● **WHAT TO PRODUCE**
Return all the entries below exactly, except for the images they hold.
++++
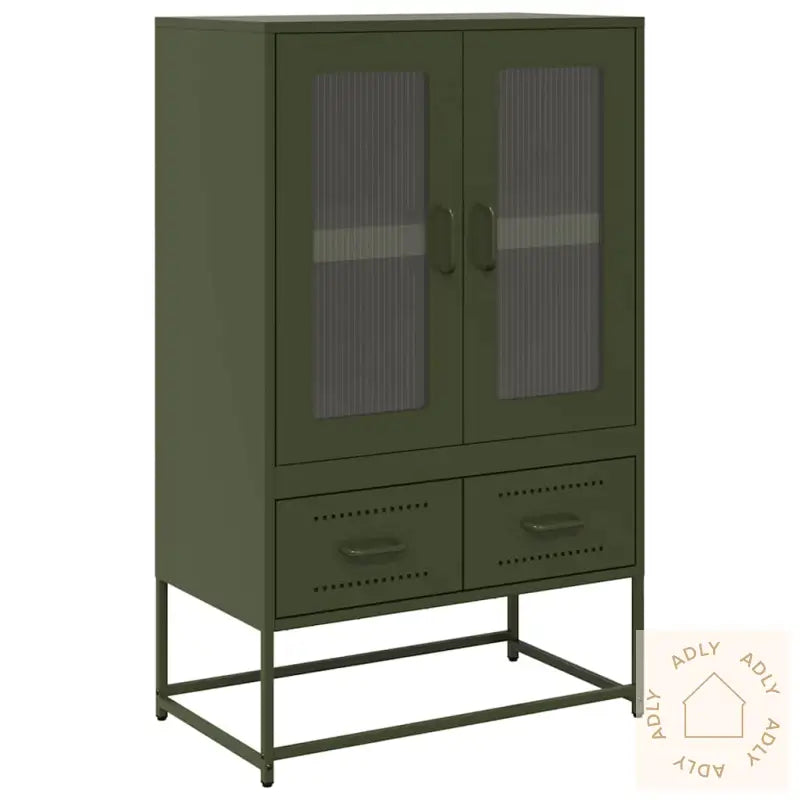 Highboard Olivengrønn 68X39X111,5 Cm Stål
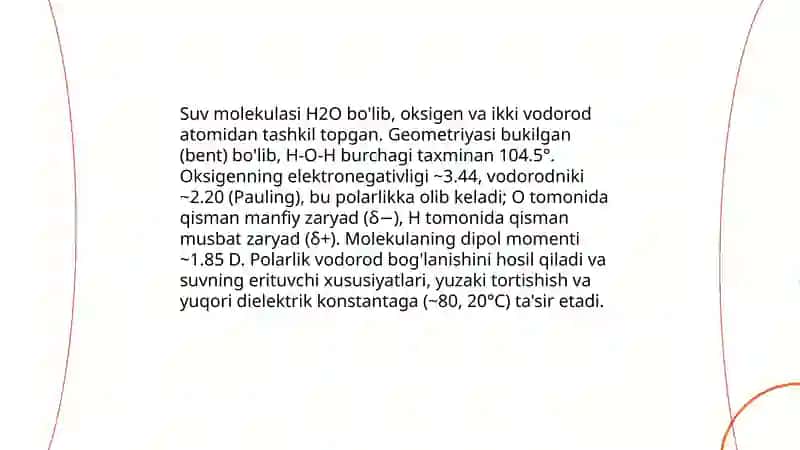 Suv. Xususiyatlari va biologik funktsiyasi. 3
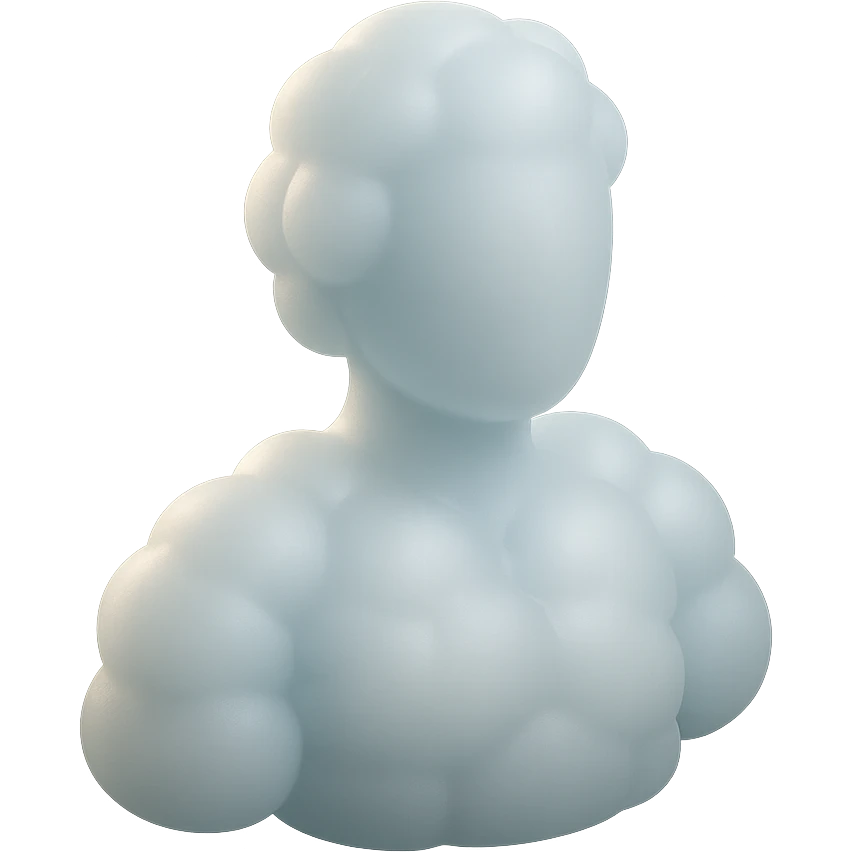 person made entirely of white fluffy convex clouds, shoulder up, front view, matte glass style emoji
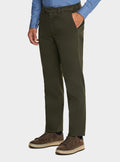 Pantalone tasca America in cotone stretch con microfantasia-0
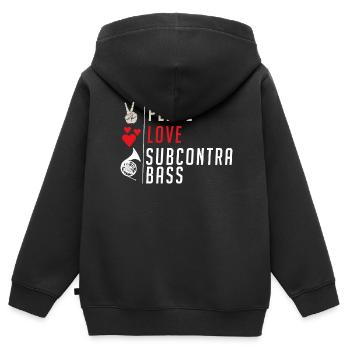 Subcontrabass Musical Instrument Flute - Kinder Premium Organic Zip Hoodie - Schwarz - Hinten - AI Model Kid Male (0cm)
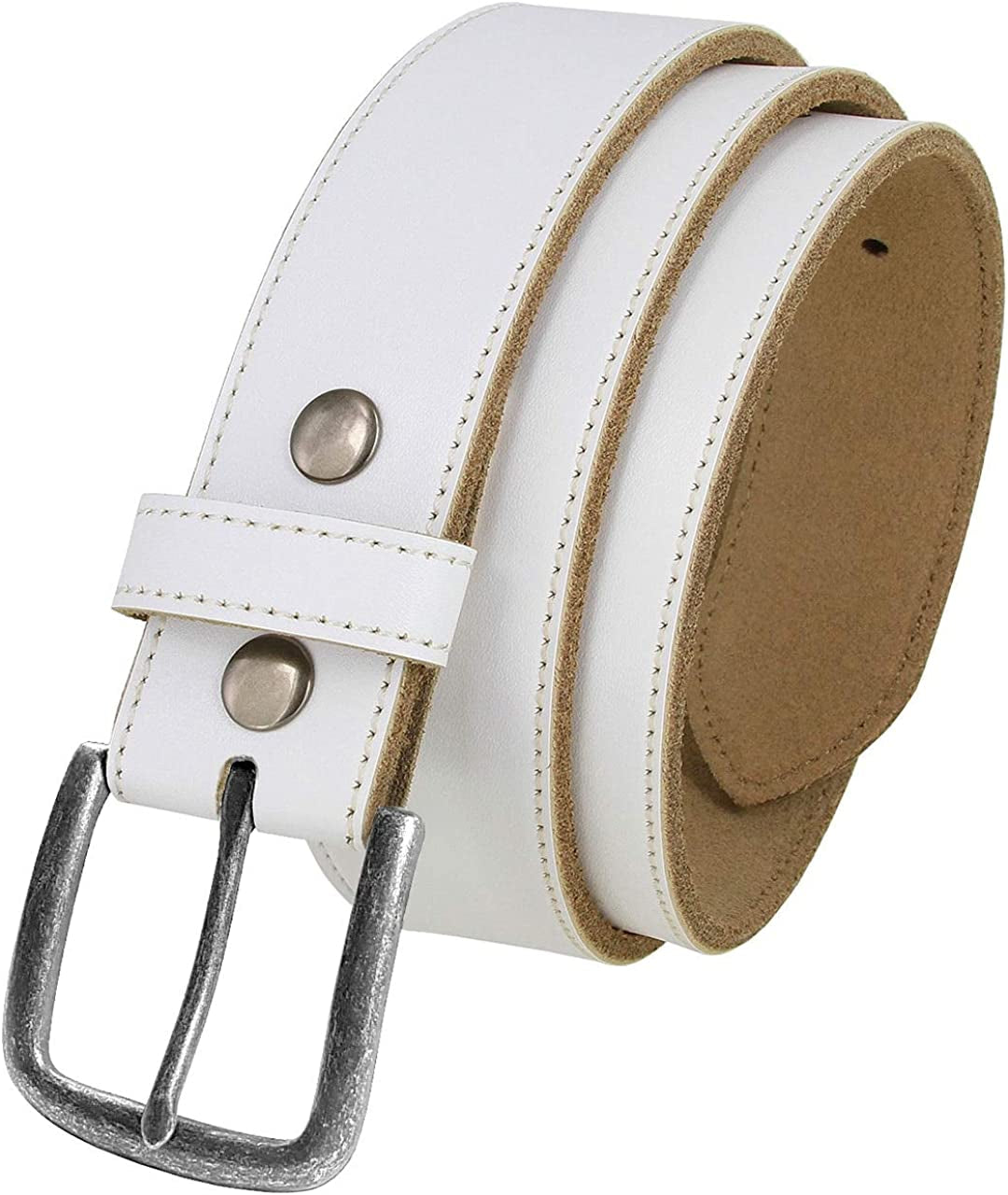 White Belt Cowhide Leather Replacement Casual Belt Strap 1-1/2"(38Mm) Wide, Multi-Style Options Apparel & Accessories > Clothing Accessories > Belts Belts.com 02 Silver 44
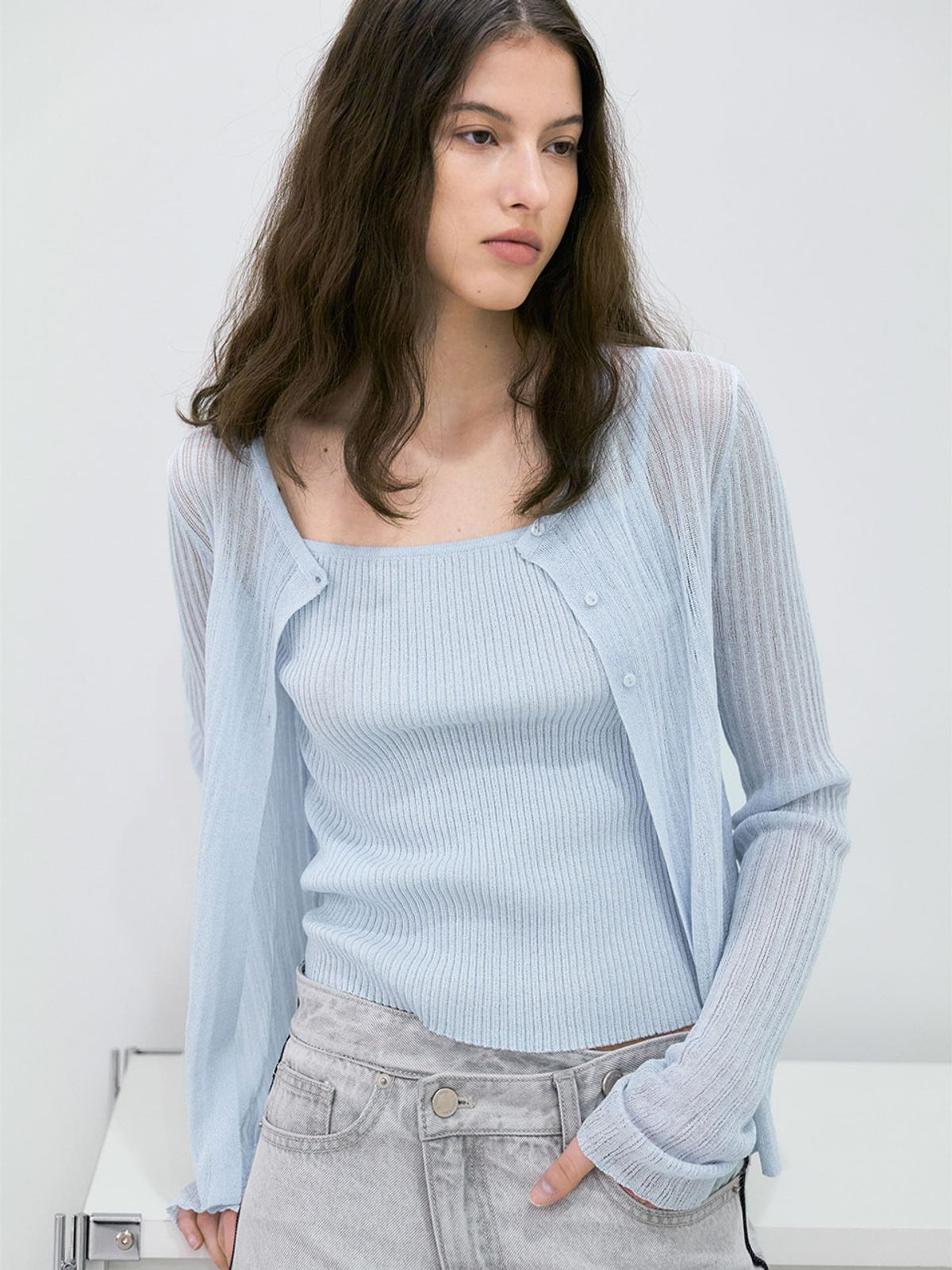 아틀리에 나인(ATELIER NAIN) COOL TOUCH SLIM RIBBED TOP CARDIGAN SET (CD-2262)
++++
● **PROBLEM SOLUTION**
 Highboard Olivengrønn 68X39X111,5 Cm Stål
 Suv. Xususiyatlari va biologik funktsiyasi. 3
 person made entirely of white fluffy convex clouds, shoulder up, front view, matte glass style emoji
 Pantalone tasca America in cotone stretch con microfantasia-0
 Subcontrabass Musical Instrument Flute - Kinder Premium Organic Zip Hoodie - Schwarz - Hinten - AI Model Kid Male (0cm)
 White Belt Cowhide Leather Replacement Casual Belt Strap 1-1/2"(38Mm) Wide, Multi-Style Options Apparel & Accessories > Clothing Accessories > Belts Belts.com 02 Silver 44
 아틀리에 나인(ATELIER NAIN) COOL TOUCH SLIM RIBBED TOP CARDIGAN SET (CD-2262)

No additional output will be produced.